MATERIAL SHOWN START

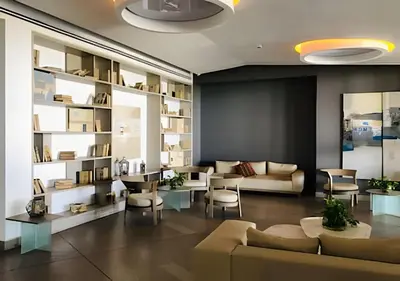 a living room with a couch and a table and chairs at Breathtaking ocean view, central location in Cartagena de Indias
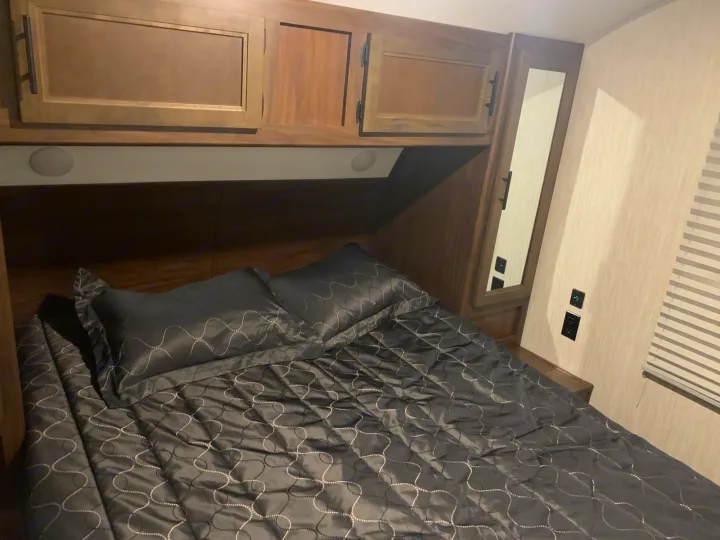 Cozy RV rental bedroom with dark patterned bedding, built-in storage cabinets, and wall mirror. Ideal for travel.. Forest River Cherokee Grey Wolf 2020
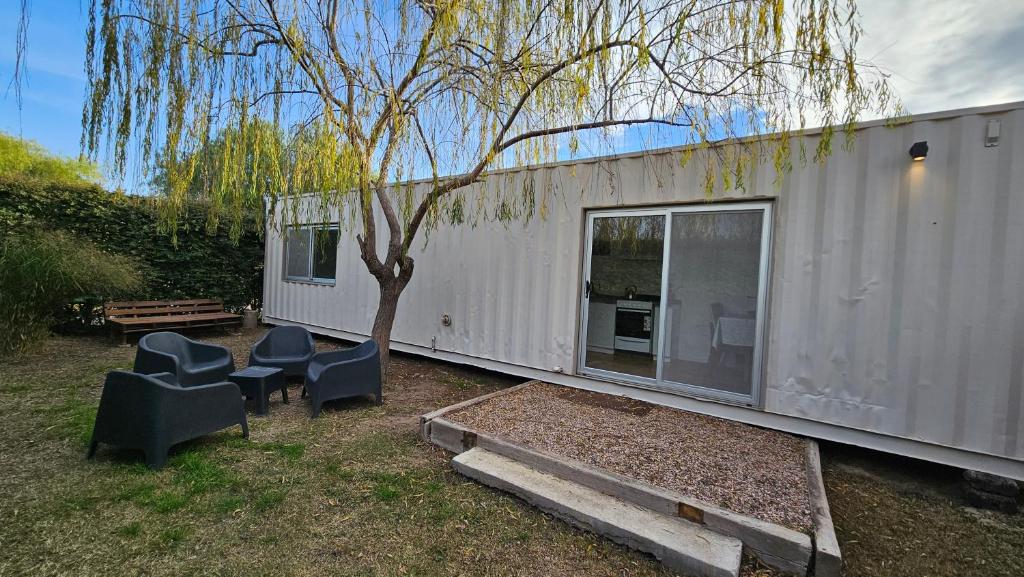 a small white trailer with two chairs and a tree at Container home in San Rafael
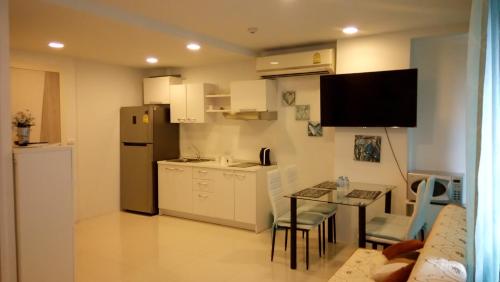 Кухня або міні-кухня у Acqua Apartment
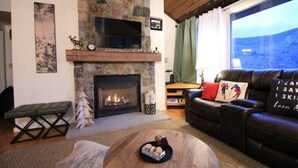 A cozy living room with a stone fireplace, a leather sofa, and a large window offering a view of the outdoors. - Loon Outlook - Best View, <3min to Loon (Lincoln)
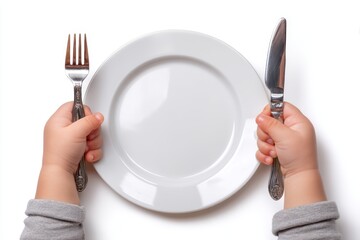 Child's hands grasping fork and knife excitedly before an empty plate ready for a meal on a clean white surface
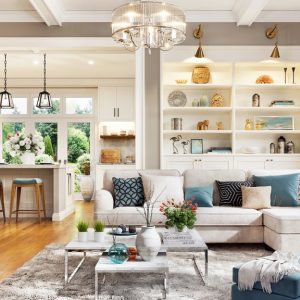 Bright open-concept living room with neutral furnishings, large windows, built-in shelving, and a connected kitchen.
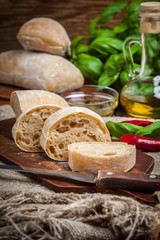 Fototapeta na wymiar Sliced ciabatta bread on cutting board.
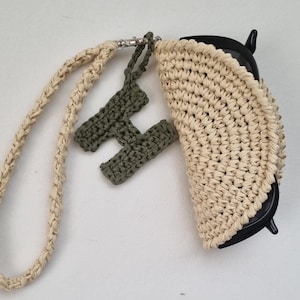 Può includere: Un astuccio per occhiali all'uncinetto color beige con cinturino da polso abbinato e un ciondolo a forma di lettera H all'uncinetto verde oliva scuro fissato da un moschettone in metallo argentato. L'astuccio contiene occhiali con montatura nera.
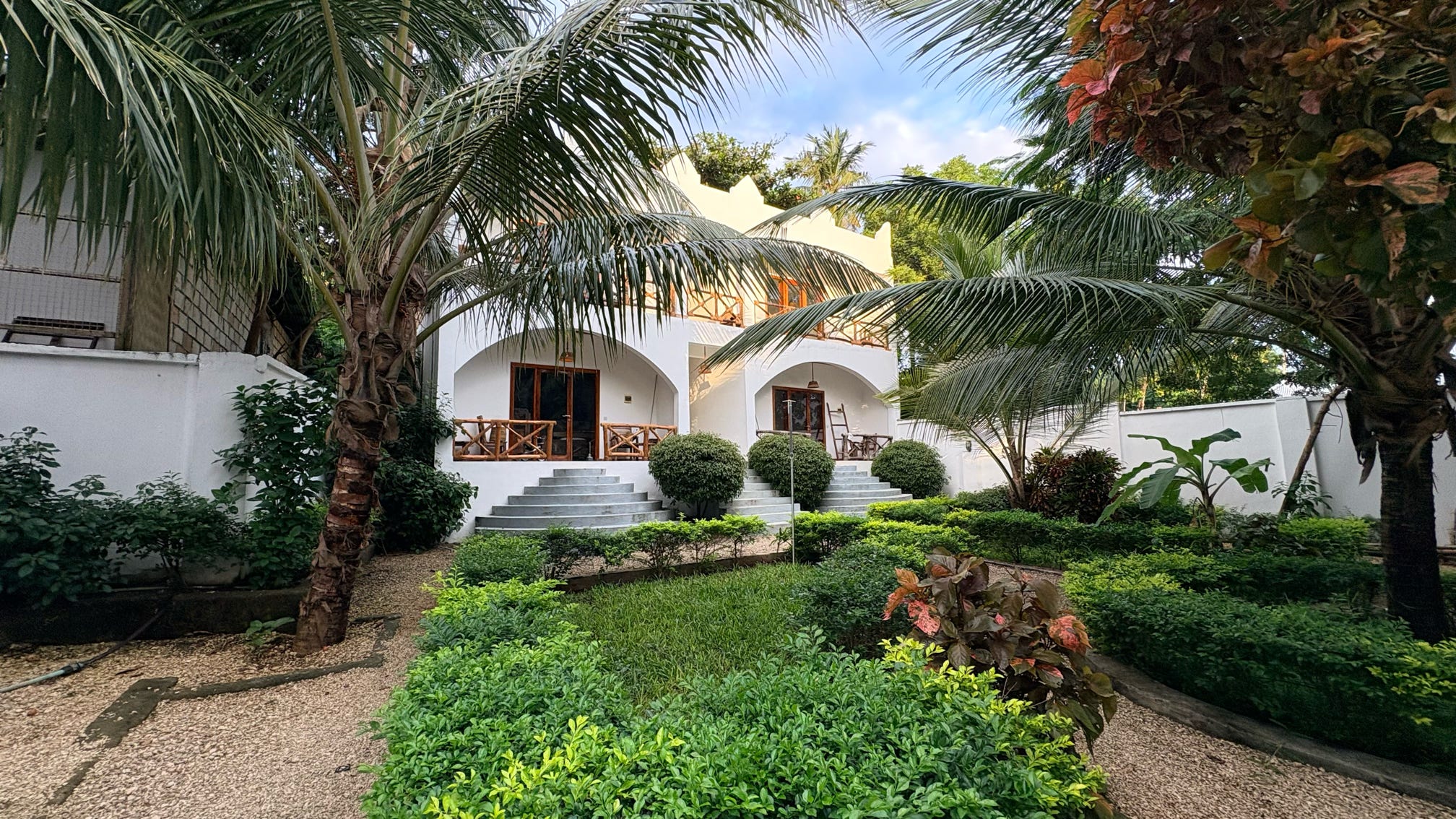 The whitewashed guest house rises above a lush manicured garden of clipped hedges and towering coconut palms, with curved wooden balconies and a stone staircase leading to the entrances.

MATERIAL SHOWN END

• TASK BRIEF:
Copy exactly what appears in the entries, beginning with the first line and ending with the line that has "Cozy RV rental", but not the pictures.

• EXERCISE RESPONSE:
 a living room with a couch and a table and chairs at Breathtaking ocean view, central location in Cartagena de Indias
 Cozy RV rental bedroom with dark patterned bedding, built-in storage cabinets, and wall mirror. Ideal for travel.. Forest River Cherokee Grey Wolf 2020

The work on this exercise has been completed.